Dr. Steven Rosenberg
Dr. Steven Rosenberg
Dr. Steven Rosenberg pioneered the first effective immunotherapies for patients with advanced cancer.
Chief, Surgery Branch at the National Cancer Institute in Bethesda, Maryland and Professor of Surgery at the Uniformed Services University of Health Sciences and at the George Washington University School of Medicine and Health Sciences in Washington, D.C., Dr. Rosenberg is also Foreign Adjunct Professor in Cell Therapy, Department of Laboratory Medicine at the Karolinska Institutet in Stockholm, Sweden.
His basic and clinical studies of interleukin-2 directly resulted in the approval of this immunotherapy by the US Food and Drug Administration for the treatment of patients with metastatic melanoma and renal cancer, many of whom remain disease-free over 25 years after treatment.
His studies of cell transfer immunotherapy that resulted in durable complete remissions in patients with metastatic melanoma were the first to directly demonstrate the effective role of T lymphocytes in human cancer immunotherapy. He pioneered the development of gene therapy and was the first to successfully insert foreign genes into humans. He was the first to demonstrate the effectiveness of genetically engineered CAR-T cells to mediate the regression of B-cell malignancies in humans, a treatment now approved by the FDA for widespread use.

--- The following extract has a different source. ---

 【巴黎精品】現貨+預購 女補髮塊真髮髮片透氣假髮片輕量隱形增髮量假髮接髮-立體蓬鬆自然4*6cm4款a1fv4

In his more recent work, Dr. Rosenberg established new approaches for the application of immunotherapy to patients with a variety of common solid epithelial cancers by targeting the unique mutations present in the patient’s cancer.
Dr. Rosenberg is a member of the Institute of Medicine of the National Academy of Sciences. He has published over 1100 papers in the peer-reviewed literature. His h-index of 185 continues to make him one of the highest cited clinician/scientists in the world.